Amyloid is an extracellular, proteinaceous material called
amyloid which is composed of non-branching fibrils organized into a beta-pleated
sheet structure. By light microscopy amyloid appears as an amorphous, homogenous,
pink material that can be stained by Congo red and has apple-green birefringence
under polarized light. Immunofluorescence can be used to detect amyloid
composed of light chains.
There are several forms. The most common in the U.K. is the AL form
of amyloid derived from light chains of immunoglobulin, usually as a result
of increased light chain production from multiple myeloma, and light chains
may also appear in the urine. The AA form of amyloid is derived from serum
amyloid-associated protein and appears in persons with chronic inflammatory
disease conditions such as rheumatoid arthritis or tuberculosis. In both
cases, macrophages probably are involved in processing the amyloid protein,
though it is not clear exactly why amyloid appears.
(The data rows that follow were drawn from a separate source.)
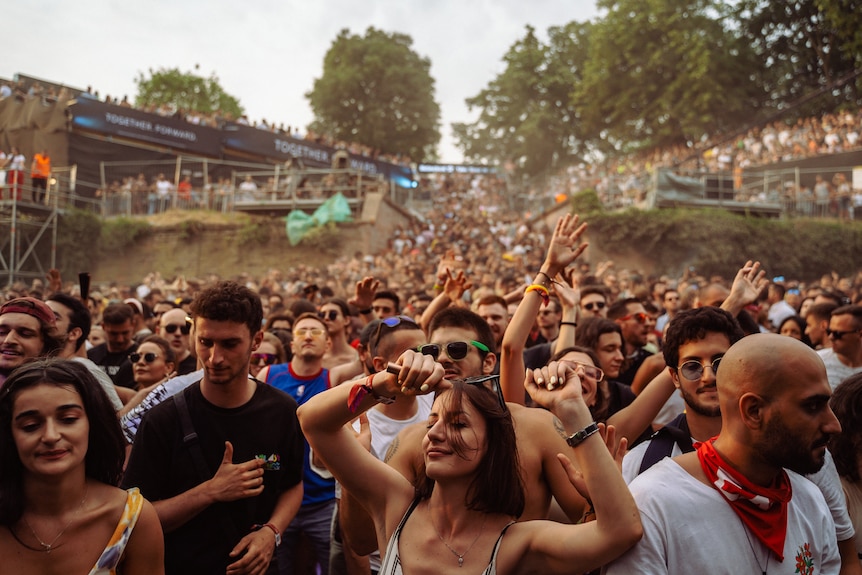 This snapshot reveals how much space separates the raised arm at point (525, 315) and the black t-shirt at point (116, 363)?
313cm

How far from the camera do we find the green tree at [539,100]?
4925cm

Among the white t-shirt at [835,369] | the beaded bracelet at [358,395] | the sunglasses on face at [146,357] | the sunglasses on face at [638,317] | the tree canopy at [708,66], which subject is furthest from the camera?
the tree canopy at [708,66]

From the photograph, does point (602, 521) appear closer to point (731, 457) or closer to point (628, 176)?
point (731, 457)

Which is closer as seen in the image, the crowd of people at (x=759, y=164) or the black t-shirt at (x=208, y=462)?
the black t-shirt at (x=208, y=462)

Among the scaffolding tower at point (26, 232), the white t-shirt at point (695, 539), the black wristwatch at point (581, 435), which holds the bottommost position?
the white t-shirt at point (695, 539)

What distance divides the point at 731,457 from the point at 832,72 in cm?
4067

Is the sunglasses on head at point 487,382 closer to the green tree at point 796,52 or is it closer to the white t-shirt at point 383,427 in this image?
the white t-shirt at point 383,427

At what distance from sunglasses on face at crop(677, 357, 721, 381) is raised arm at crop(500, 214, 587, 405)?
2.43 ft

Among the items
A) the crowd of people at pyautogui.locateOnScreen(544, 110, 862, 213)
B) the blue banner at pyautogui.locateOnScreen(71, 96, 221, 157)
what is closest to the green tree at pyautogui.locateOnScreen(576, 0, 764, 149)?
the crowd of people at pyautogui.locateOnScreen(544, 110, 862, 213)

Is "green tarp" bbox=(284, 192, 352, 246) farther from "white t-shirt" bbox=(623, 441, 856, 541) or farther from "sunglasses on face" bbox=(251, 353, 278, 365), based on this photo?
"white t-shirt" bbox=(623, 441, 856, 541)

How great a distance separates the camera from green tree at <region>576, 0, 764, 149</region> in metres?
34.9

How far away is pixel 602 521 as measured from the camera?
1.98 meters

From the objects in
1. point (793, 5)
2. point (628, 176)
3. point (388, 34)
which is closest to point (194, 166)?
point (628, 176)

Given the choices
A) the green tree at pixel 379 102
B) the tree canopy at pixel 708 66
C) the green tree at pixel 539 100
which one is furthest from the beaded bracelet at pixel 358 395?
the green tree at pixel 539 100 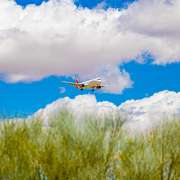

Two conditions in the brain that are associated with amyloid are:
Alzheimer’s disease: one of the hallmark of this condition is the accumulation
of amyloid plaques between nerve cells (neurons) in the brain. Beta-amyloid
is a fragment of a protein that is snipped from another protein called
amyloid precursor protein (APP). In a healthy brain, these protein fragments
would be broken down and eliminated. In Alzheimer’s disease, the fragments
accumulate to form hard, insoluble plaques. The reason for this is not
known.
Cerebral amyloid angiopathy (CAA) refers to the deposition of ß-amyloid
in the media and adventitia of small- and mid-sized arteries (and less
frequently, veins) of the cerebral cortex and the leptomeninges.CAA can
present as intracranial hemorrhage (ICH), dementia, or transient neurologic
events. ICH is the most consistent effect of CAA.Deposition of amyloid
damages the media and adventitia of cortical and leptomeningeal vessels,
leading to thickening of the basal membrane, stenosis of the vessel lumen,
and fragmentation of the internal elastic lamina. This can result in fibrinoid
necrosis and microaneurysm formation, predisposing to hemorrhage. Some
evidence suggests that the amyloid is produced in the smooth muscle cells
of the tunica media as a response to damage of the vessel wall (perhaps
by arteriosclerosis or hypertension).